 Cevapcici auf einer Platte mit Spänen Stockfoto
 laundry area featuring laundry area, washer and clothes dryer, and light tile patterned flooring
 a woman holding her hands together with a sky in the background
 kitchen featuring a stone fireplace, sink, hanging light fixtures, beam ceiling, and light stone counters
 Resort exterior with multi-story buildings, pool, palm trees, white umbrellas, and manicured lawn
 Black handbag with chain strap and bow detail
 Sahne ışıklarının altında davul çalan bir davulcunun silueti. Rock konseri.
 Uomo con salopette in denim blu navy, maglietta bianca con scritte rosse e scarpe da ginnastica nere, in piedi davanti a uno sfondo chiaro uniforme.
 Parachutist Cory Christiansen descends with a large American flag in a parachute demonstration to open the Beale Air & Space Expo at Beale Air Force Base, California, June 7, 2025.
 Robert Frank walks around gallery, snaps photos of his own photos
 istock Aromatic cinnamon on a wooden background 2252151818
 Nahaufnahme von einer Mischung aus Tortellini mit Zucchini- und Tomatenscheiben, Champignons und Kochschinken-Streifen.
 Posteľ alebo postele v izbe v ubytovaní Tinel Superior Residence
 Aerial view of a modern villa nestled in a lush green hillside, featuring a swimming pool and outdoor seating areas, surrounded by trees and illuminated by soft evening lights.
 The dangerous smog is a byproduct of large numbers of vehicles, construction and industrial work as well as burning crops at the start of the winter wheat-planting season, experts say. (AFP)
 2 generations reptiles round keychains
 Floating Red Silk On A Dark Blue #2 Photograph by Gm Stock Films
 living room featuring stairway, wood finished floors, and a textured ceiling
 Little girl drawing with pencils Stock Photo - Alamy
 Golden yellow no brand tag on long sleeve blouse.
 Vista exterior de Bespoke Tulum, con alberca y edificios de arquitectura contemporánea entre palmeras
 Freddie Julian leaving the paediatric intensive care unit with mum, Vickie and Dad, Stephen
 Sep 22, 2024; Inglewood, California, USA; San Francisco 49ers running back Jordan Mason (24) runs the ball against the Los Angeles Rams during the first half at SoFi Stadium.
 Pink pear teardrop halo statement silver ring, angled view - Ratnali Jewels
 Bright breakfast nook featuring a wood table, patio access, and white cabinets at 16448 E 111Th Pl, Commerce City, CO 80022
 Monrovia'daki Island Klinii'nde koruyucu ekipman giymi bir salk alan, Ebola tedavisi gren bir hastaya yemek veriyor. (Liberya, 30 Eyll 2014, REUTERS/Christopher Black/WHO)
+ + +
The answer should hold exactly the lines running from the one with "Floating Red Silk" to the final line of the data, both ends counted.

SOLUTION TO THIS EXERCISE:
 Floating Red Silk On A Dark Blue #2 Photograph by Gm Stock Films
 living room featuring stairway, wood finished floors, and a textured ceiling
 Little girl drawing with pencils Stock Photo - Alamy
 Golden yellow no brand tag on long sleeve blouse.
 Vista exterior de Bespoke Tulum, con alberca y edificios de arquitectura contemporánea entre palmeras
 Freddie Julian leaving the paediatric intensive care unit with mum, Vickie and Dad, Stephen
 Sep 22, 2024; Inglewood, California, USA; San Francisco 49ers running back Jordan Mason (24) runs the ball against the Los Angeles Rams during the first half at SoFi Stadium.
 Pink pear teardrop halo statement silver ring, angled view - Ratnali Jewels
 Bright breakfast nook featuring a wood table, patio access, and white cabinets at 16448 E 111Th Pl, Commerce City, CO 80022
 Monrovia'daki Island Klinii'nde koruyucu ekipman giymi bir salk alan, Ebola tedavisi gren bir hastaya yemek veriyor. (Liberya, 30 Eyll 2014, REUTERS/Christopher Black/WHO)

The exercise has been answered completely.